◆ **SUPPLIED MATERIAL**:
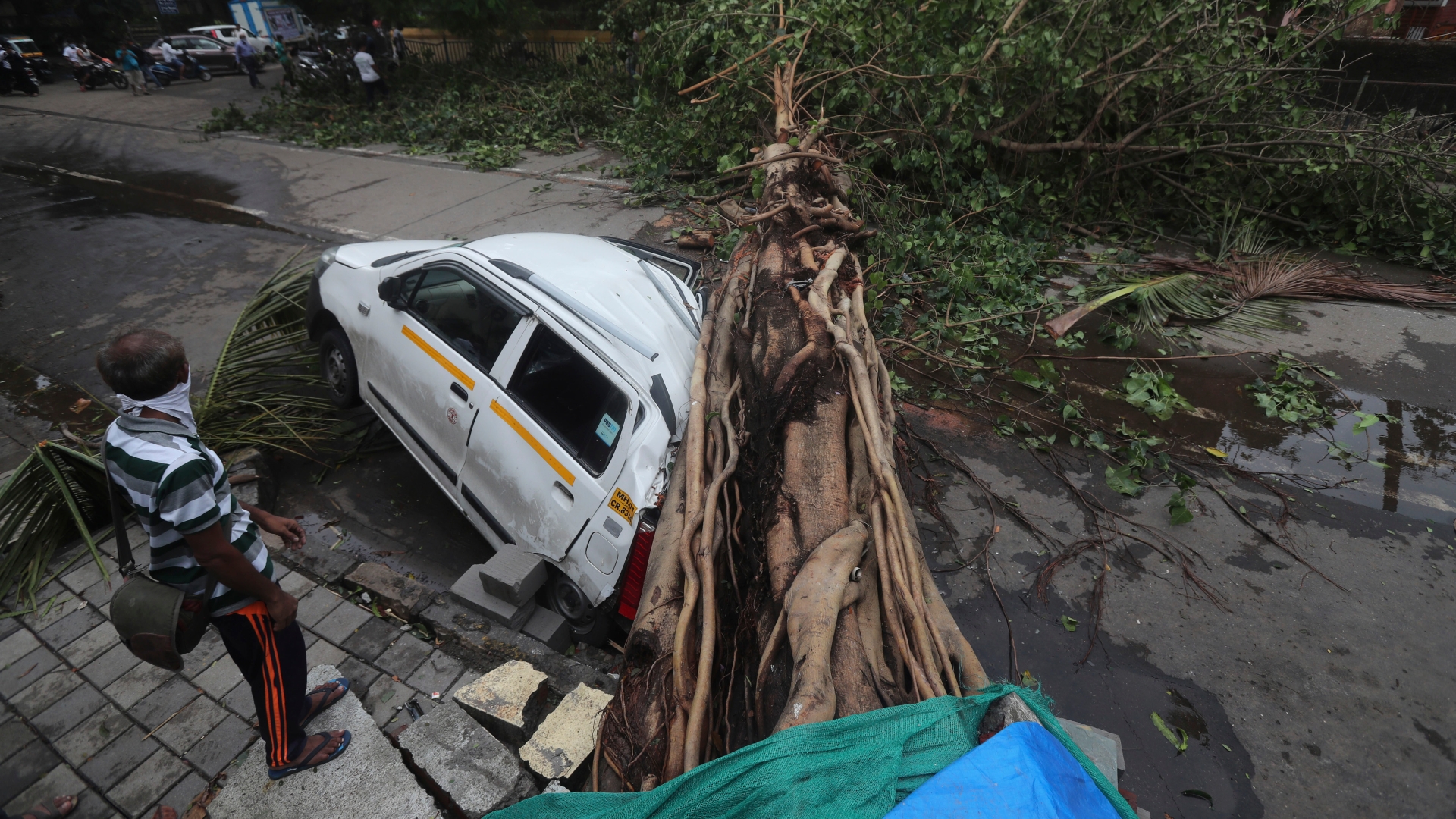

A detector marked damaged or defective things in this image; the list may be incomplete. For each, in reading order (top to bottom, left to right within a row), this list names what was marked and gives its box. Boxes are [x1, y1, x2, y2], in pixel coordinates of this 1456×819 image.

broken concrete slab [346, 557, 431, 614]
broken concrete slab [451, 565, 538, 626]
broken concrete slab [480, 544, 547, 603]
broken concrete slab [524, 603, 567, 652]
broken concrete slab [208, 658, 437, 816]
broken concrete slab [396, 693, 538, 816]
broken concrete slab [454, 655, 547, 745]
broken concrete slab [521, 679, 611, 775]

◆ **ASSIGNMENT**: Every line of the records must come back unchanged, except that pictures are dropped.

◆ **THE COMPLETED TASK**:
A detector marked damaged or defective things in this image; the list may be incomplete. For each, in reading order (top to bottom, left to right within a row), this list names what was marked and gives its box. Boxes are [x1, y1, x2, y2], in pixel coordinates of this 1456×819 image.

broken concrete slab [346, 557, 431, 614]
broken concrete slab [451, 565, 538, 626]
broken concrete slab [480, 544, 547, 603]
broken concrete slab [524, 603, 567, 652]
broken concrete slab [208, 658, 437, 816]
broken concrete slab [396, 693, 538, 816]
broken concrete slab [454, 655, 547, 745]
broken concrete slab [521, 679, 611, 775]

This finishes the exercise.